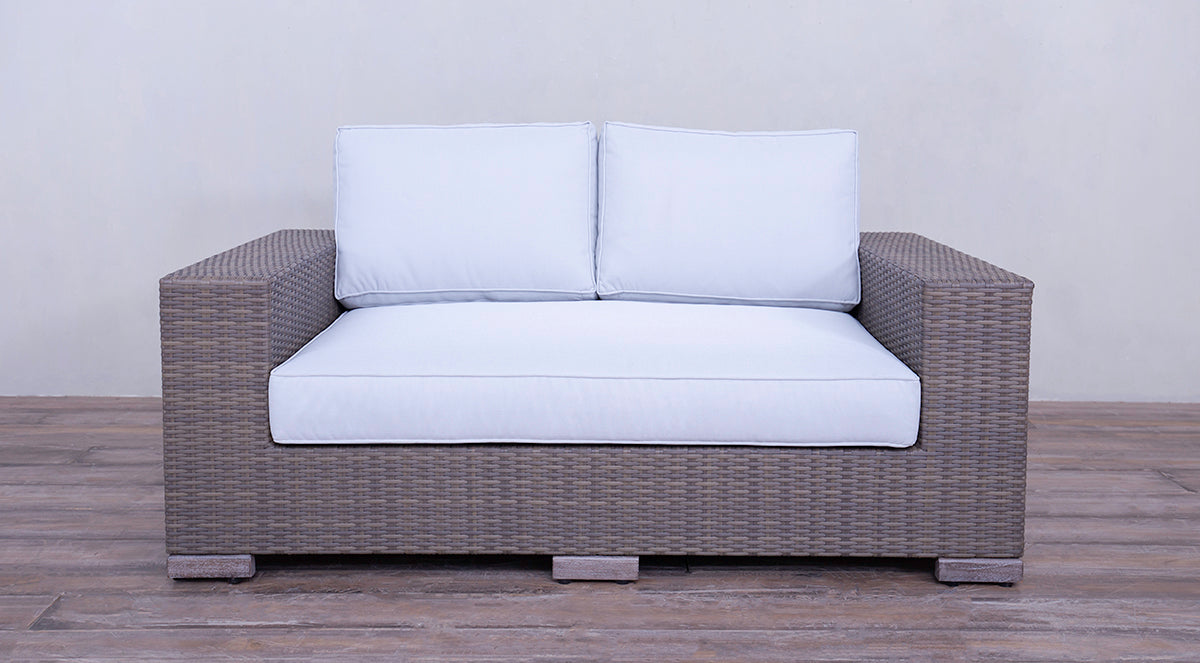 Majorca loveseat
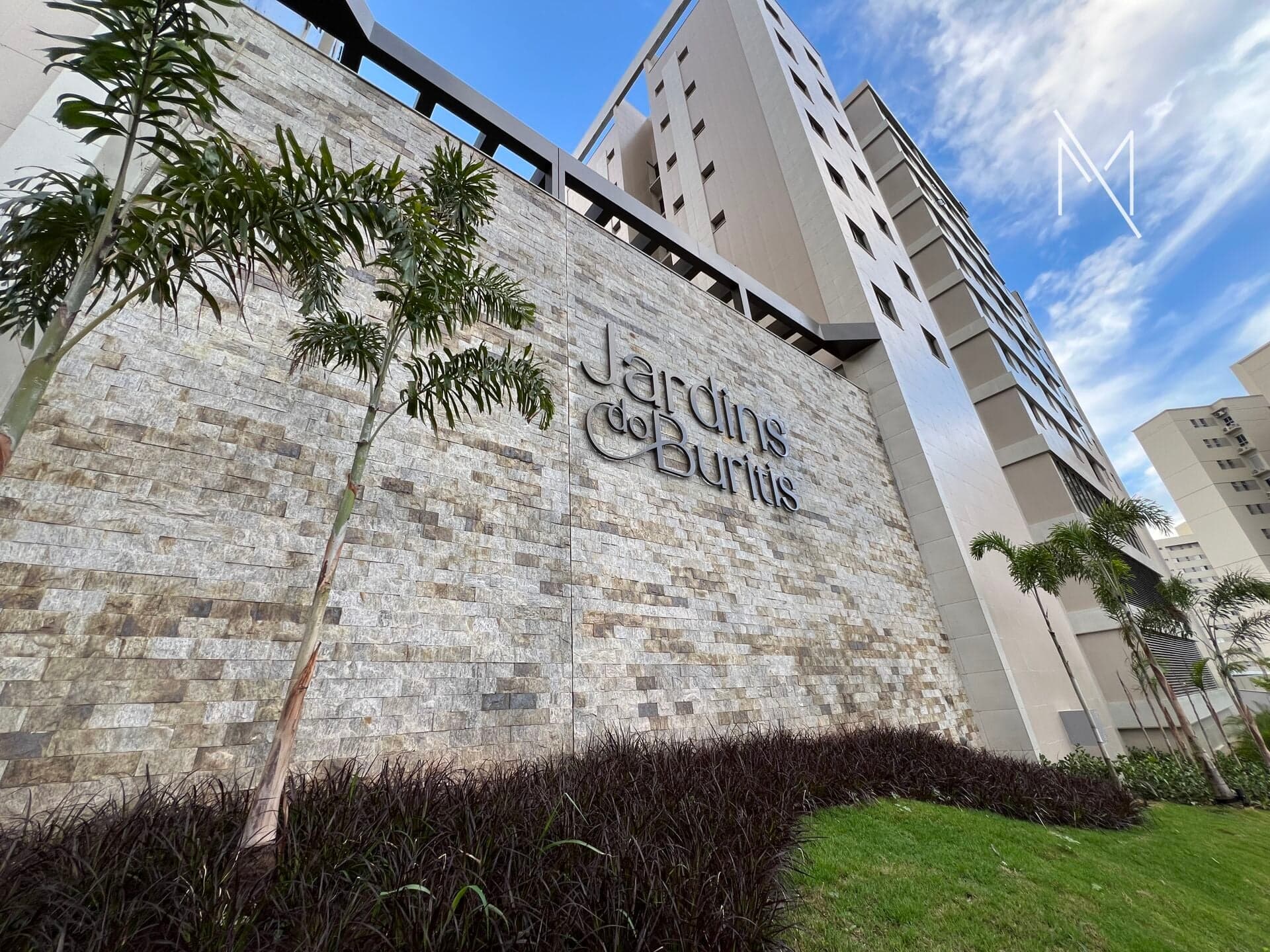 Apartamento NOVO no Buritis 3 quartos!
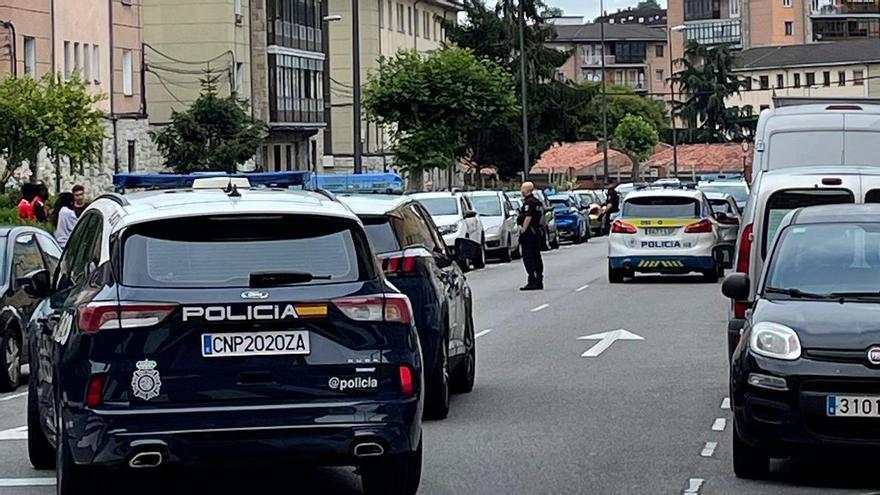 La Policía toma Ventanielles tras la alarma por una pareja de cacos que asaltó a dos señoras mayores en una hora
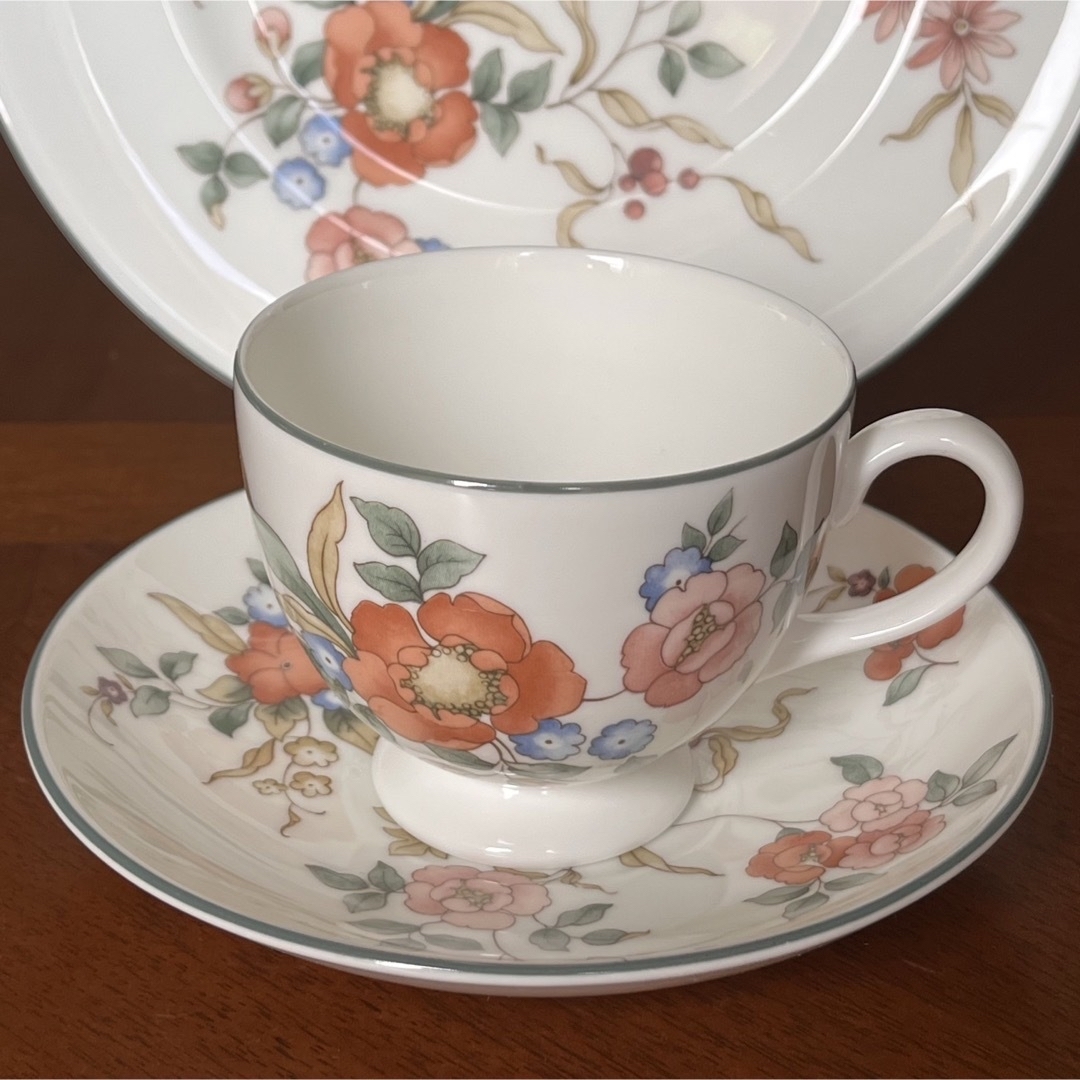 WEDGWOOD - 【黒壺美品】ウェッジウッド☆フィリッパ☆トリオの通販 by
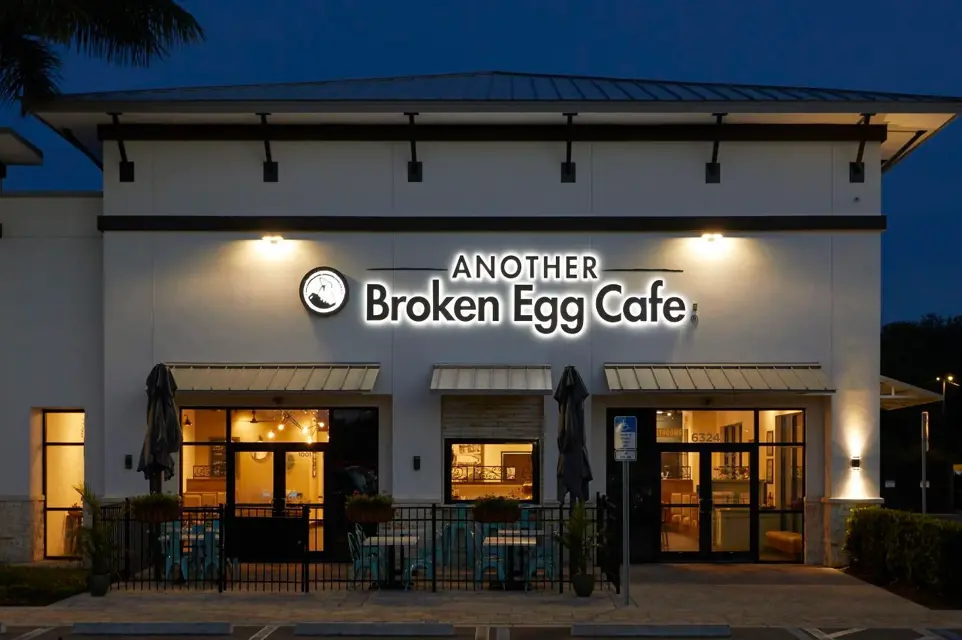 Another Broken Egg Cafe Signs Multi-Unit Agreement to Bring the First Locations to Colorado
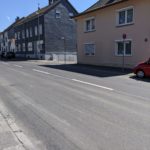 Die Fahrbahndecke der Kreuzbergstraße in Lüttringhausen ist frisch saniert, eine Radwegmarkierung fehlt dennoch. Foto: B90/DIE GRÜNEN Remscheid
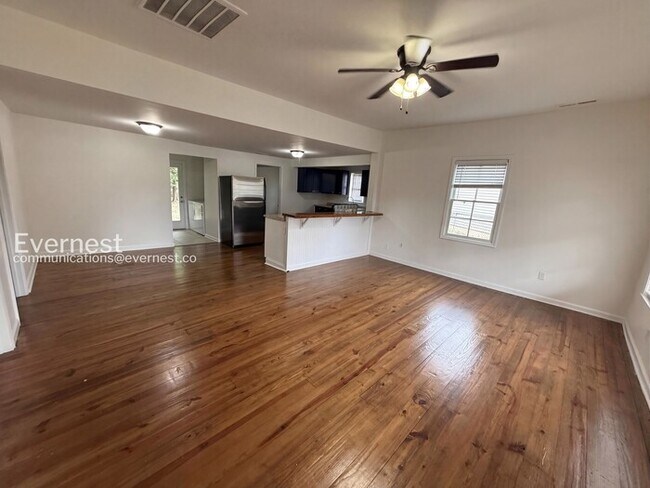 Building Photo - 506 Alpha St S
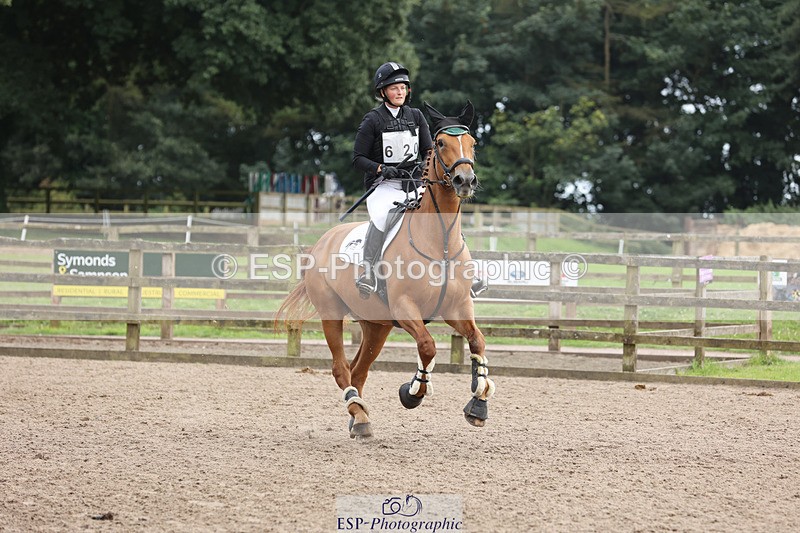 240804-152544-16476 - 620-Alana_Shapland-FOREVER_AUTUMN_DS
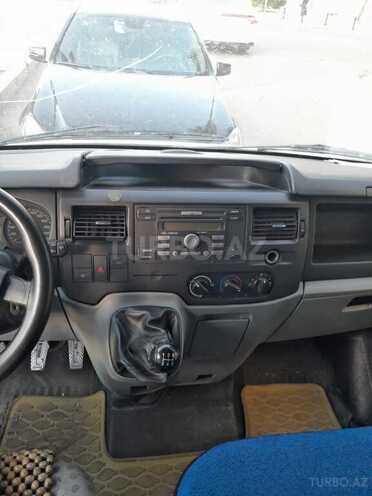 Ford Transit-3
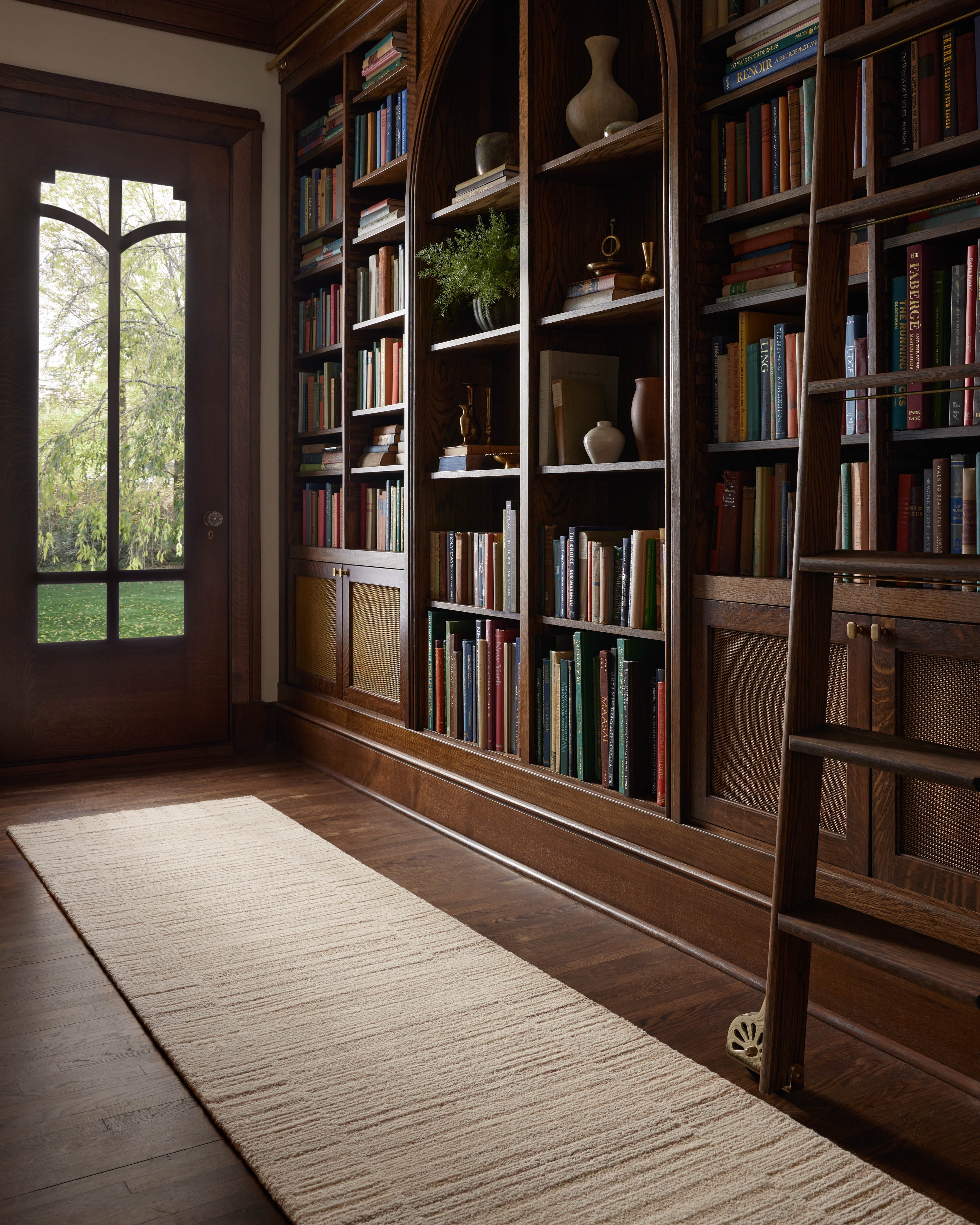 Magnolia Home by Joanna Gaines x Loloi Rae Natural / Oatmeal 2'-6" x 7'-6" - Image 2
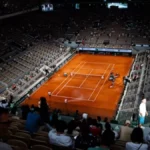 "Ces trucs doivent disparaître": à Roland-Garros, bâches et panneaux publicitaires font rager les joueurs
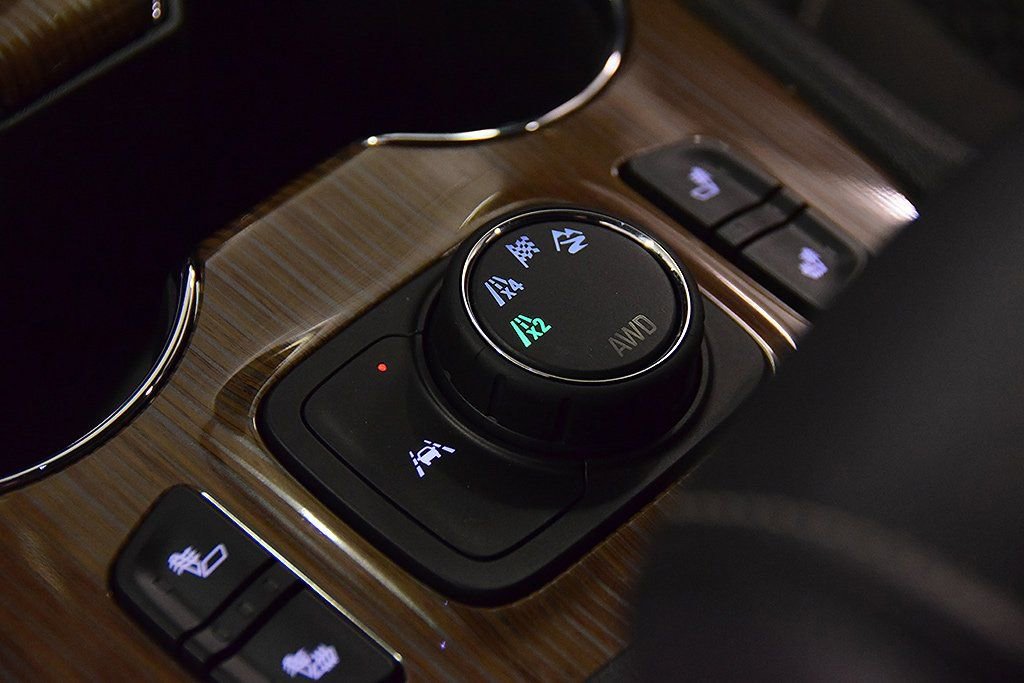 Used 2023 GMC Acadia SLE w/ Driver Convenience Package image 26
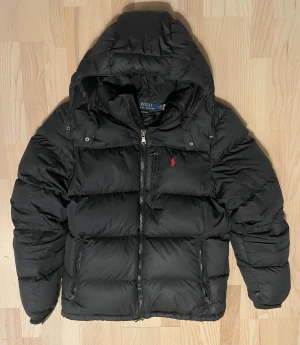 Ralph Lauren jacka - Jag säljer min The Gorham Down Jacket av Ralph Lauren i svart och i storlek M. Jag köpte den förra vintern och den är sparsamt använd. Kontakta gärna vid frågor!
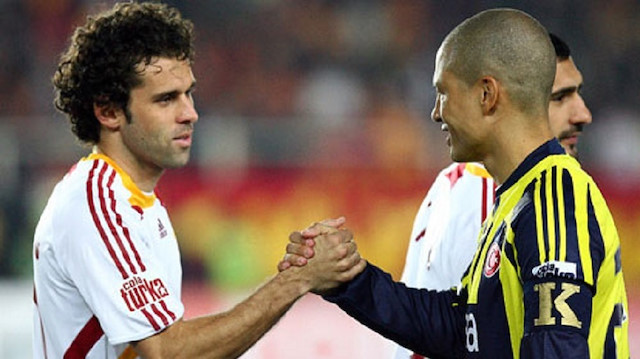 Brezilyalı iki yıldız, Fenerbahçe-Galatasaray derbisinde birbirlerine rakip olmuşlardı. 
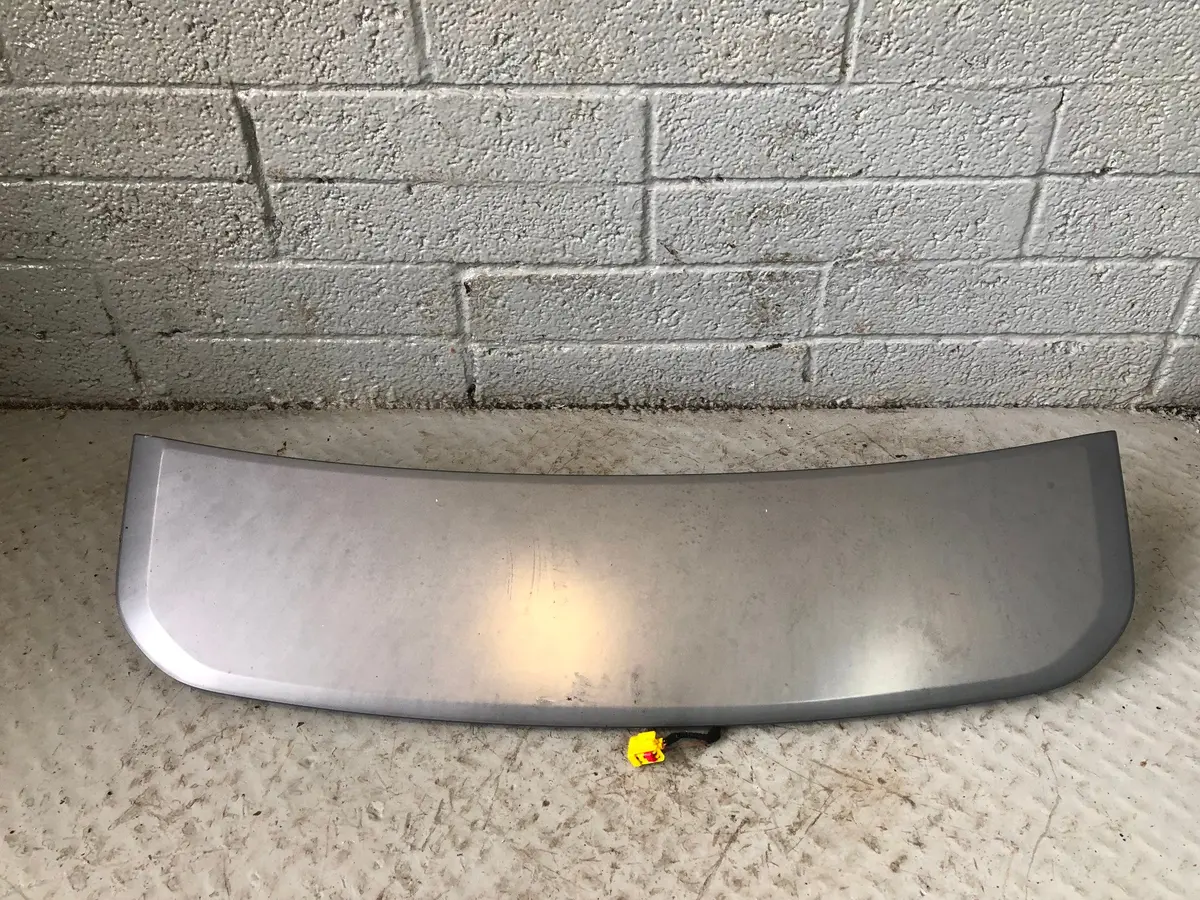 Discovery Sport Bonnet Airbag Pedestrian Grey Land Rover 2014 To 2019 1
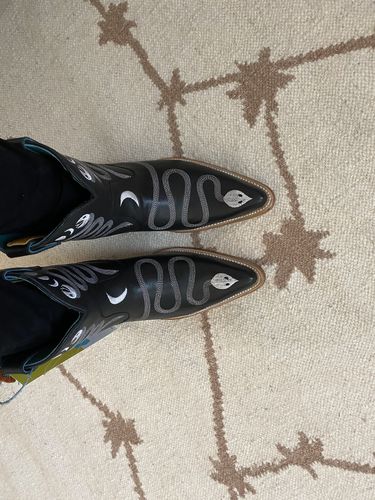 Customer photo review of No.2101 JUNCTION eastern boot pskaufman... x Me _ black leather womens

### [Directions]
Reproduce verbatim every line starting at the line that holds "Apartamento NOVO no Buritis 3 quartos!" and ending with the final line of the data; omit the pictures.

### [Response to the task]
 Apartamento NOVO no Buritis 3 quartos!
 La Policía toma Ventanielles tras la alarma por una pareja de cacos que asaltó a dos señoras mayores en una hora
 WEDGWOOD - 【黒壺美品】ウェッジウッド☆フィリッパ☆トリオの通販 by
 Another Broken Egg Cafe Signs Multi-Unit Agreement to Bring the First Locations to Colorado
 Die Fahrbahndecke der Kreuzbergstraße in Lüttringhausen ist frisch saniert, eine Radwegmarkierung fehlt dennoch. Foto: B90/DIE GRÜNEN Remscheid
 Building Photo - 506 Alpha St S
 240804-152544-16476 - 620-Alana_Shapland-FOREVER_AUTUMN_DS
 Ford Transit-3
 Magnolia Home by Joanna Gaines x Loloi Rae Natural / Oatmeal 2'-6" x 7'-6" - Image 2
 "Ces trucs doivent disparaître": à Roland-Garros, bâches et panneaux publicitaires font rager les joueurs
 Used 2023 GMC Acadia SLE w/ Driver Convenience Package image 26
 Ralph Lauren jacka - Jag säljer min The Gorham Down Jacket av Ralph Lauren i svart och i storlek M. Jag köpte den förra vintern och den är sparsamt använd. Kontakta gärna vid frågor!
 Brezilyalı iki yıldız, Fenerbahçe-Galatasaray derbisinde birbirlerine rakip olmuşlardı. 
 Discovery Sport Bonnet Airbag Pedestrian Grey Land Rover 2014 To 2019 1
 Customer photo review of No.2101 JUNCTION eastern boot pskaufman... x Me _ black leather womens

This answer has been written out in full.